The Issue
The reported rise in total loss claims for prestige vehicles presented by accident management firms is perhaps an area for concern. Whilst case law does not require a party to utilize their own insurance policy in a non-fault accident, it does tingle the fraud sensor when the claim is presented by an unknown Accident Management firm. The QGLaw Counter-Fraud Team has recently handled a good example of this.
Brief Summary of Facts
The policyholder claimed, through the Accident Management Firm, that he had been involved in an RTA that occurred on a country lane. He initially told the GAP insurer he was returning from football, though in a later call stated that the accident occurred when he was returning home from seeing a friend.
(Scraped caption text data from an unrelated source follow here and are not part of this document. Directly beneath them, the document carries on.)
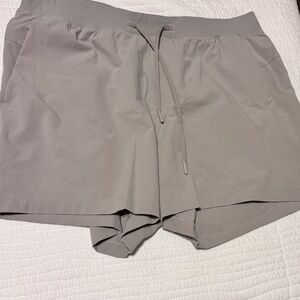 Men’s Lululemon 5” Shorts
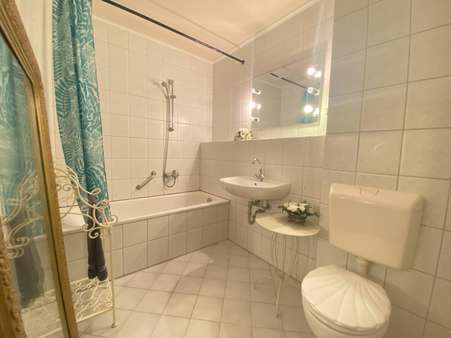 Badezimmer - Etagenwohnung in 52134 Herzogenrath mit 68m² kaufen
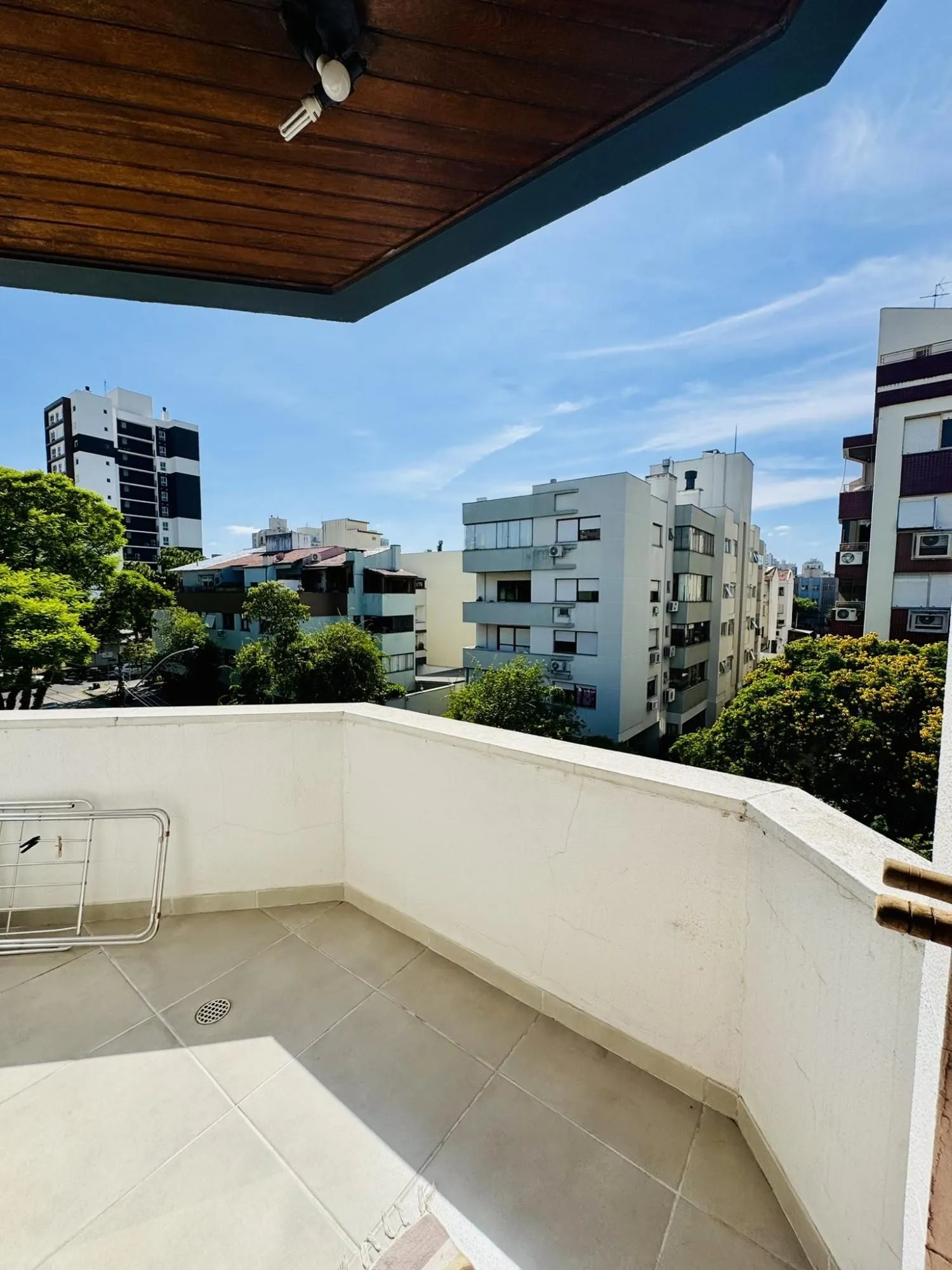 Imagem Apartamento 1 Dormitório Reformado com Sacada e Churrasqueira no Jardim Botânico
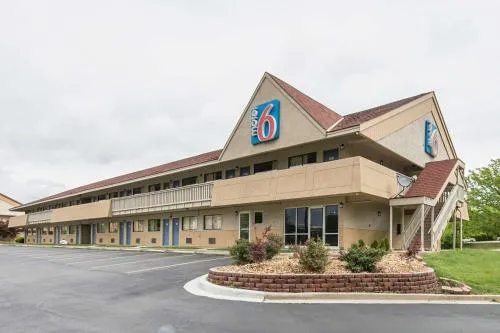Motel 6-Overland Park, KS in Olathe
The discrepancy was small but sufficient to alert the GAP TPA to undertake a fraud validation.
The Investigation
Detailed further enquiries established that the policyholder was not being truthful as to why he was at the location when the alleged accident occurred and two further lines of enquiry proved to be of great assistance:
The QG Intelligence database enquiries confirmed that the policyholder had been investigated for two previous suspected fraudulent insurance claims and Police Scotland were able to share significant intelligence confirming the policyholder’s association with organised crime
The result
QG Law declined the GAP claim on the grounds of fraud and that declinature has met with no challenge.
We are now about to pursue a recovery for the motor insurer that paid the primary claim.
Key Practice points: the Key Fraud indicators
- While a policyholder is under no obligation to utilise their own policy and there may be legitimate reasons not to do so, this could be a warning flag to consider when a claim is presented and may lead to a fraud finding through further investigation.
- The total loss claim occurred towards the end of the 3-year GAP policy term
- A substantial claim value of £160k
- The total loss was based on a desktop assessment completed by an engineer instructed by an Accident Management firm known for sub-standard reporting
- A previous policy in the name of the policyholder had been cancelled at the request of the police with reference to criminality
All these indicators were identified by QGLaw, resulting in a substantial saving of £60k for the client.